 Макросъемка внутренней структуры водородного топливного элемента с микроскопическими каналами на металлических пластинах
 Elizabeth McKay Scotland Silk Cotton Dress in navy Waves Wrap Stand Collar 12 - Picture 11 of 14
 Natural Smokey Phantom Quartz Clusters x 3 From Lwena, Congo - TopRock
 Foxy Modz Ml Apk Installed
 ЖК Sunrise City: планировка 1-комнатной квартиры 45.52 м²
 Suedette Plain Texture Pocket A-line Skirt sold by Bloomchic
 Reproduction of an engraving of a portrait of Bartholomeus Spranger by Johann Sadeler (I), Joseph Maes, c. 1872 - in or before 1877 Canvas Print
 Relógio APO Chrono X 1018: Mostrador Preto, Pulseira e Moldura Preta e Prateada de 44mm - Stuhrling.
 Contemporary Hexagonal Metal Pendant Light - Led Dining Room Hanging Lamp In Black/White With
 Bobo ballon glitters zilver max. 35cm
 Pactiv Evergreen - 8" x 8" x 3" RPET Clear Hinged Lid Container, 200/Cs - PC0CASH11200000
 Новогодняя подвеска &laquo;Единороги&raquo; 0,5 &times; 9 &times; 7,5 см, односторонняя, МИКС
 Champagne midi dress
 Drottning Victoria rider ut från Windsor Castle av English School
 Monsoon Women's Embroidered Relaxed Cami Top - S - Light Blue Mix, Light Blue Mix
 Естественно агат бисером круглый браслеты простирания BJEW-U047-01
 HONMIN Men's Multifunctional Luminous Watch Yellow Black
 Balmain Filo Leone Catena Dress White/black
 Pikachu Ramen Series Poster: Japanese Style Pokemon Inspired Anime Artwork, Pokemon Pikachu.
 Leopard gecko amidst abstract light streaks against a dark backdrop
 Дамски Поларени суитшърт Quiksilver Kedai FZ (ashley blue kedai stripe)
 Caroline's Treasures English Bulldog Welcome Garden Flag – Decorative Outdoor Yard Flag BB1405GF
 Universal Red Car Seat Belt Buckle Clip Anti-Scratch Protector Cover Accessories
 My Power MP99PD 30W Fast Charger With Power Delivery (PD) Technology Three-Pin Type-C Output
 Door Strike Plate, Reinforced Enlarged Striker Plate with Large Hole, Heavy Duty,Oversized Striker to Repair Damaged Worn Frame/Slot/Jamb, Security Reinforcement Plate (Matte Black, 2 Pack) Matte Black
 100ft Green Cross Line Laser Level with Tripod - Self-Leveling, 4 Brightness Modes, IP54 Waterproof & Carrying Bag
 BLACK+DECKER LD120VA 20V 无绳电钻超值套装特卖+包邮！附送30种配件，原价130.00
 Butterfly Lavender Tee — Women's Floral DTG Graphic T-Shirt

» **TASK STATEMENT**
Wherever the string "Women" appears in a line of the records above, copy that line.

» **WORKED SOLUTION**
 Monsoon Women's Embroidered Relaxed Cami Top - S - Light Blue Mix, Light Blue Mix
 Butterfly Lavender Tee — Women's Floral DTG Graphic T-Shirt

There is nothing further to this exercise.